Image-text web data
Start of Block

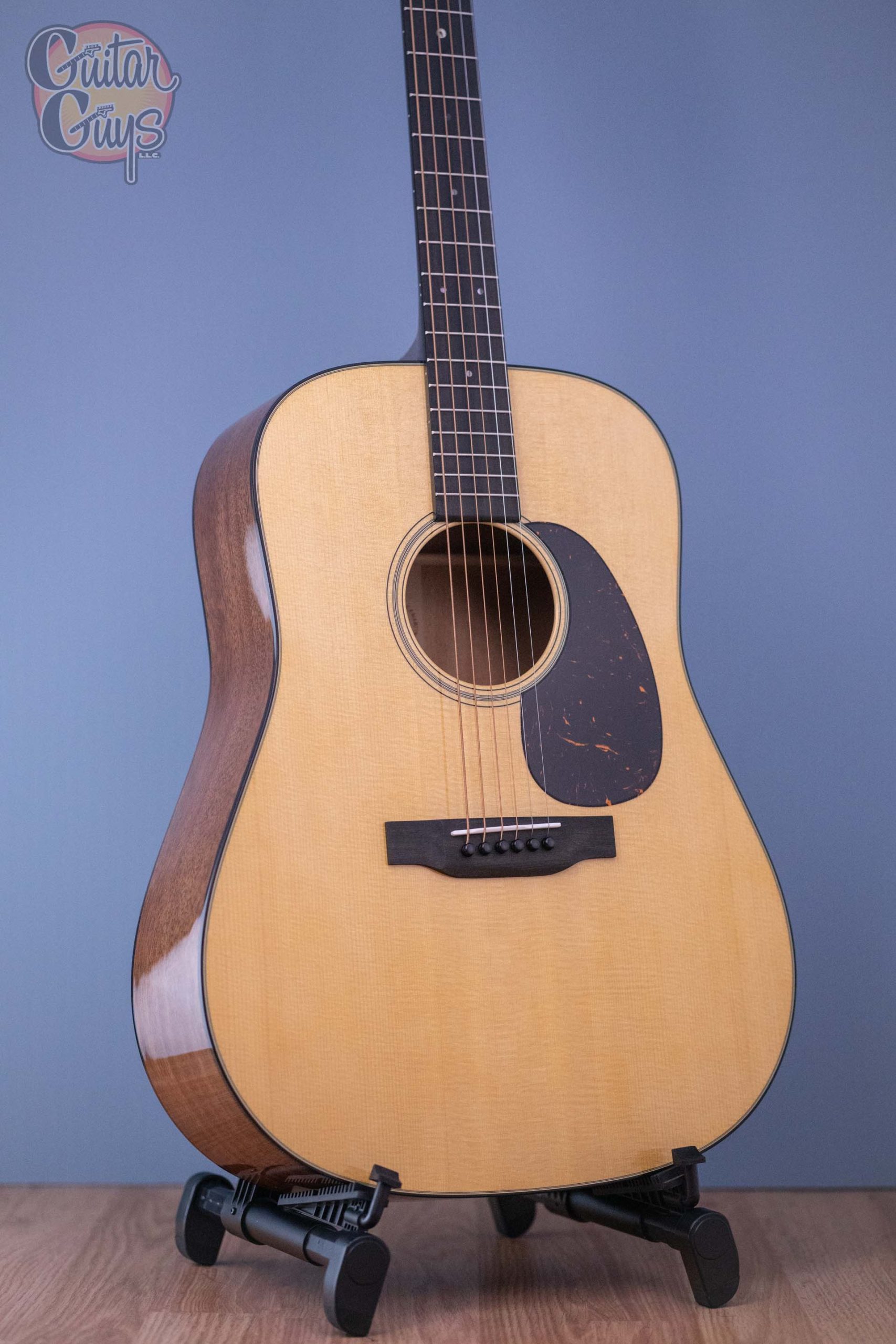 Martin D-18 Natural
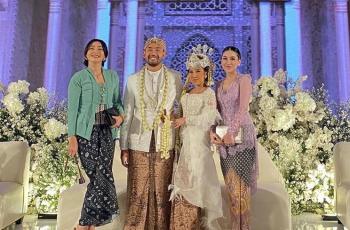 10 Potret Ayu Ting Ting di Nikahan Kiky Saputri, Kondangan Bareng Sahabat dan 'Pacar'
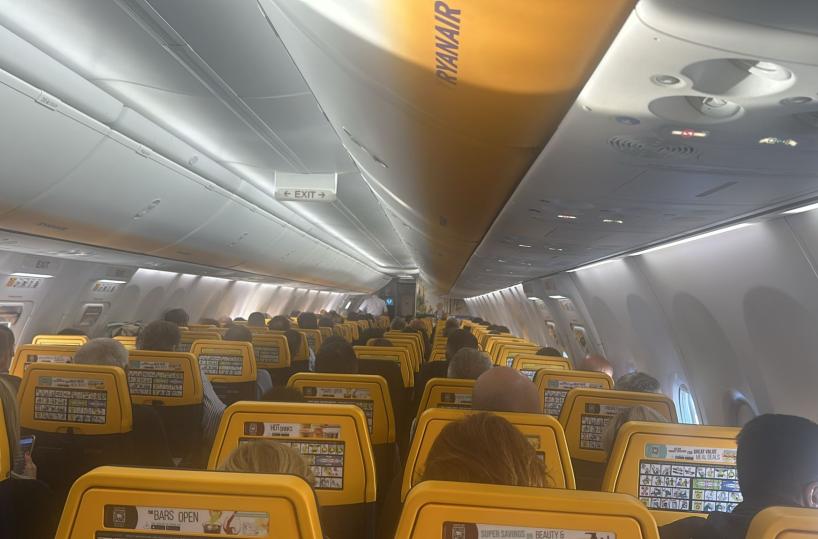 Scoppia pneumatico di un aereo sulla pista di Bergamo, ripercussioni anche all'aeroporto di Bari: l'odissea dei passeggeri 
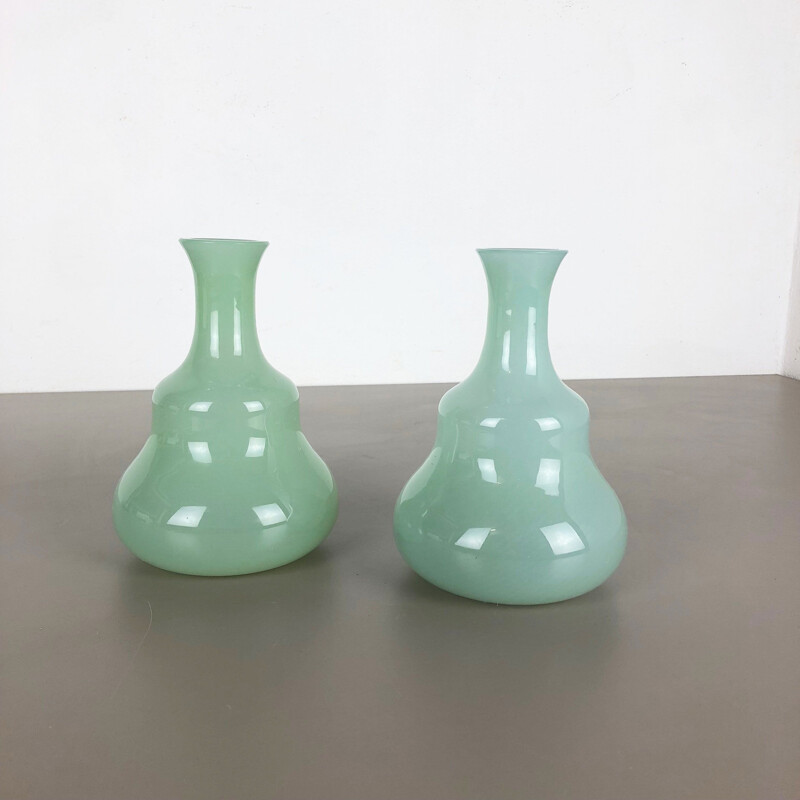 Paire de vases vintage en verre opalin de Murano de Gino Cenedese 1960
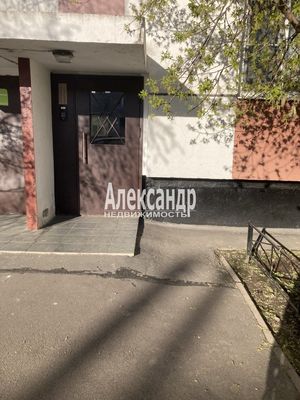 Продам двухкомнатную (2-комн.) квартиру, Коммуны ул, 30к1, Санкт-Петербург г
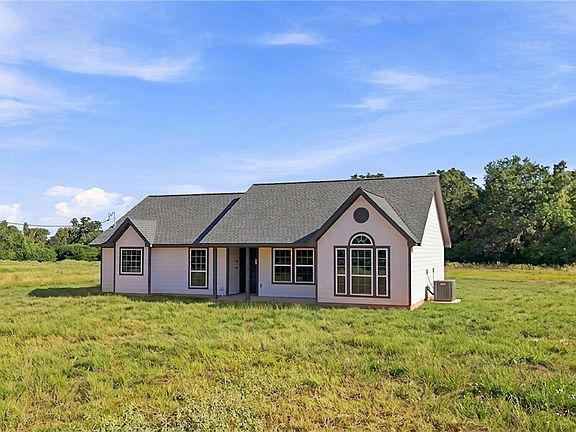 3rd image of 2801 Fm 1940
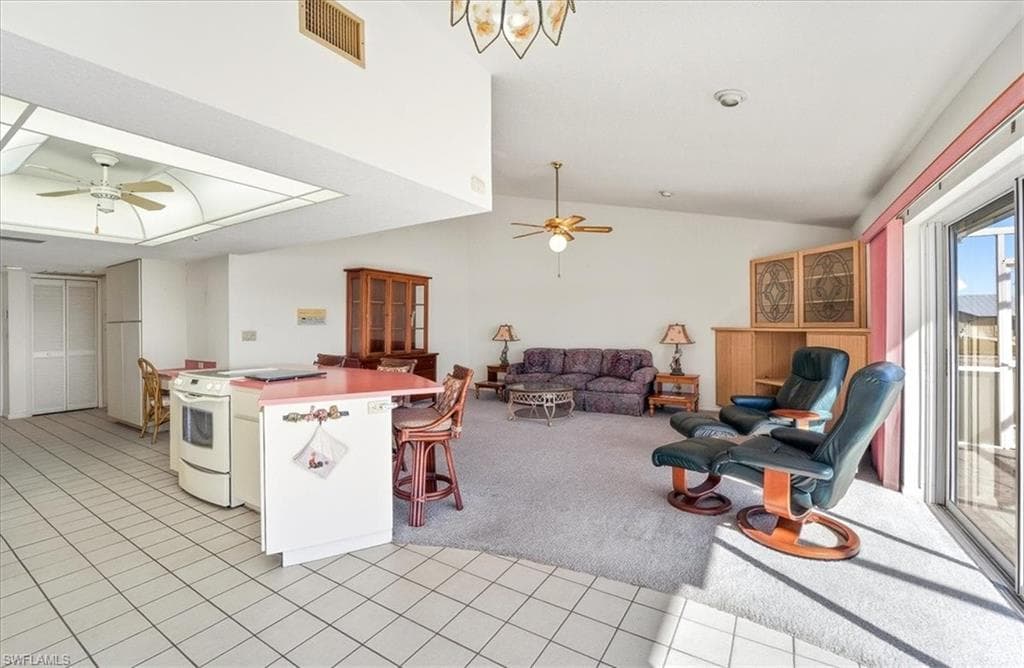 1120 SE 1st TER, CAPE CORAL FL 33990-4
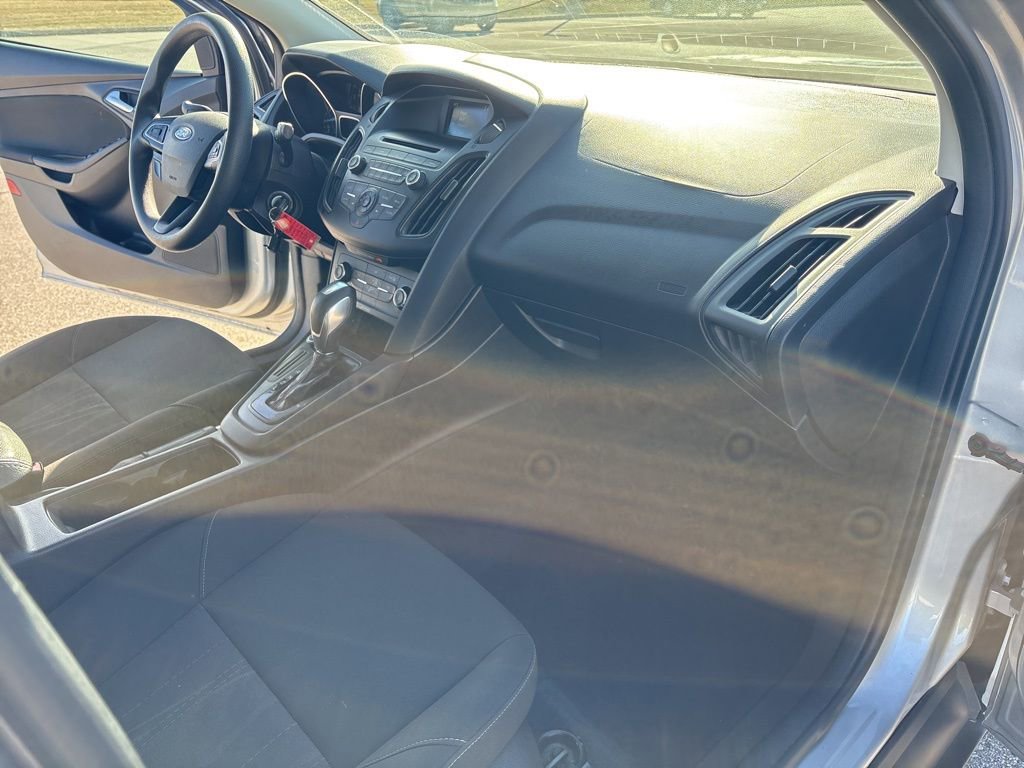 Used 2015 Ford Focus SE image 15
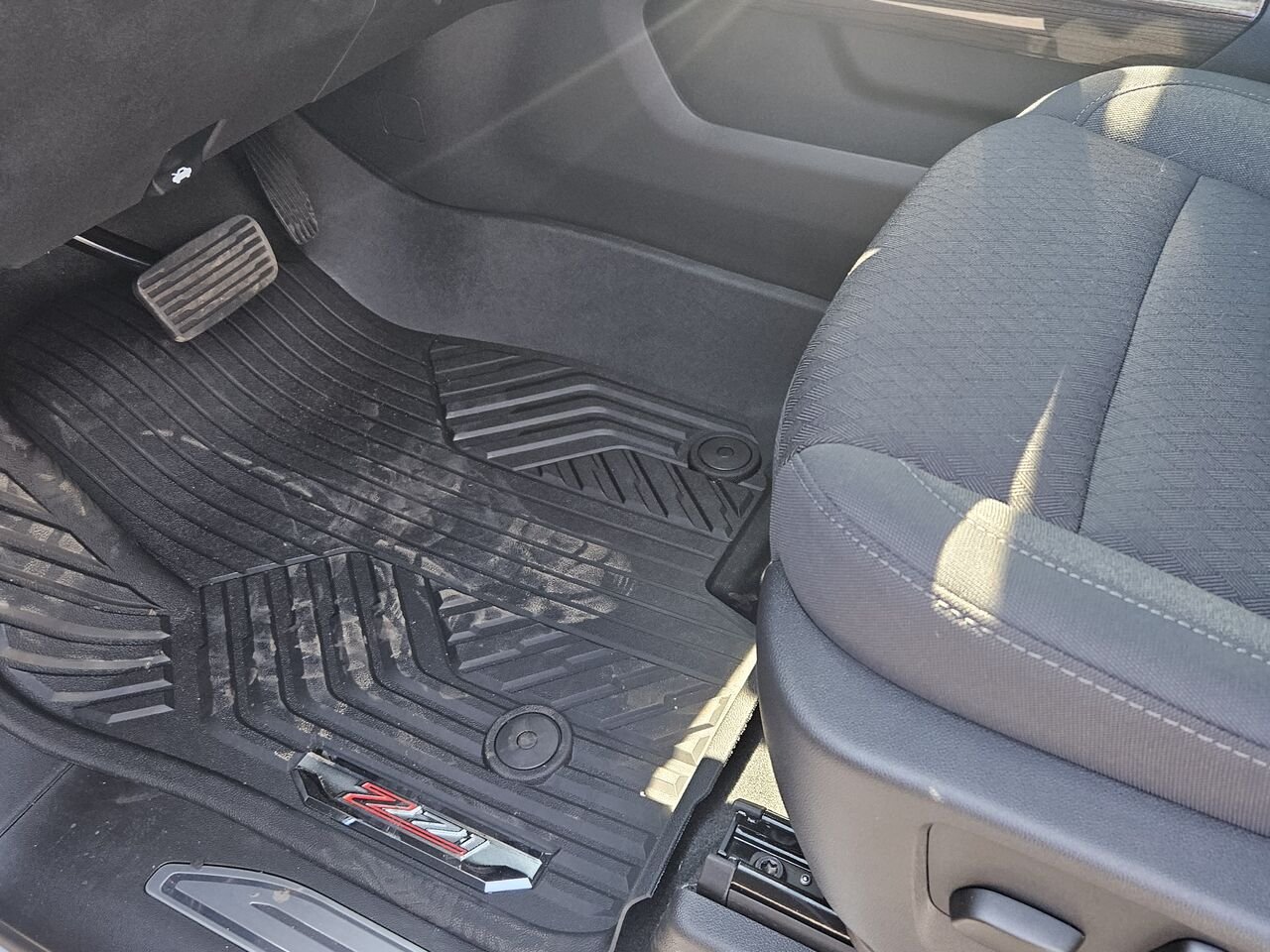 2026 Chevrolet Silverado 1500 RST cabine multiplace 4RM 157 po Summit White Thetford Mines - photo #11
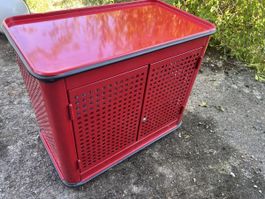 Metallschrank im Werkstatt-Look 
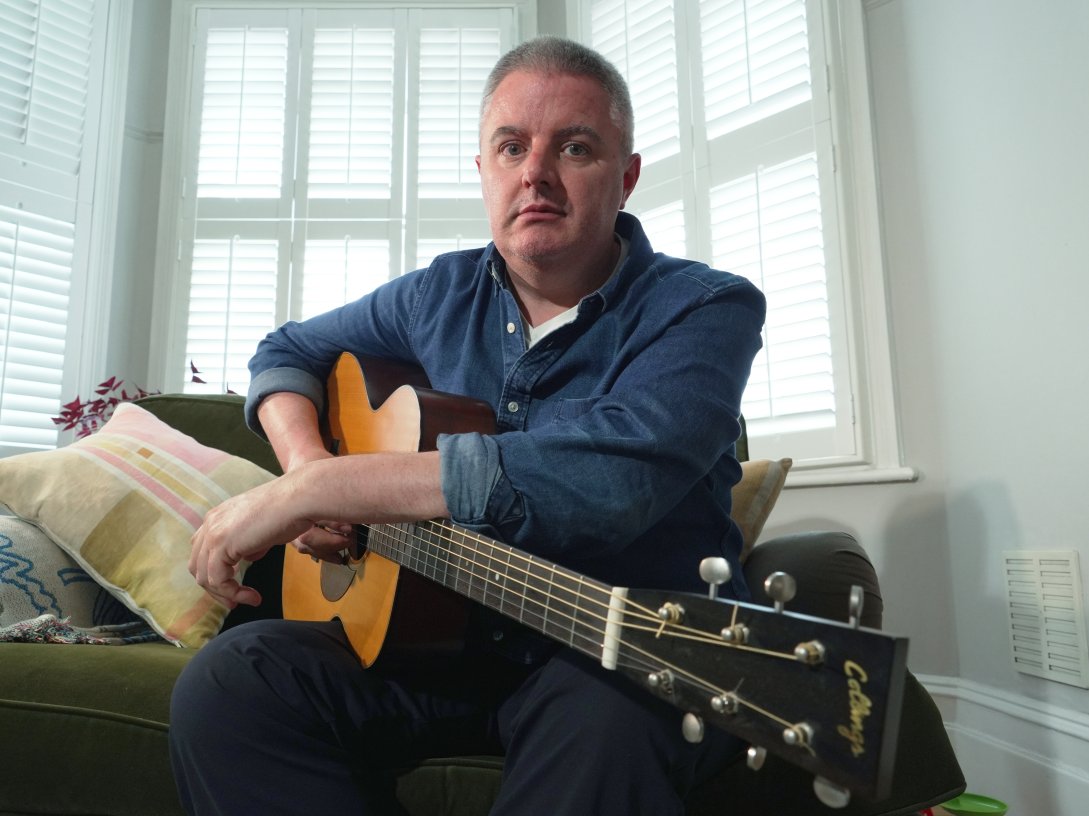 Musician Samuel Smith poses for a photo at his home, London, U.K., May 12, 2026. (AP Photo)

End of Block

ABOUT THIS EXERCISE: From the records above, quote word for word only the lines beginning at the line that has "10 Potret Ayu" and stopping after the line that has "Scoppia pneumatico di". Omit the pictures.

RESPONSE TO THIS EXERCISE:
 10 Potret Ayu Ting Ting di Nikahan Kiky Saputri, Kondangan Bareng Sahabat dan 'Pacar'
 Scoppia pneumatico di un aereo sulla pista di Bergamo, ripercussioni anche all'aeroporto di Bari: l'odissea dei passeggeri 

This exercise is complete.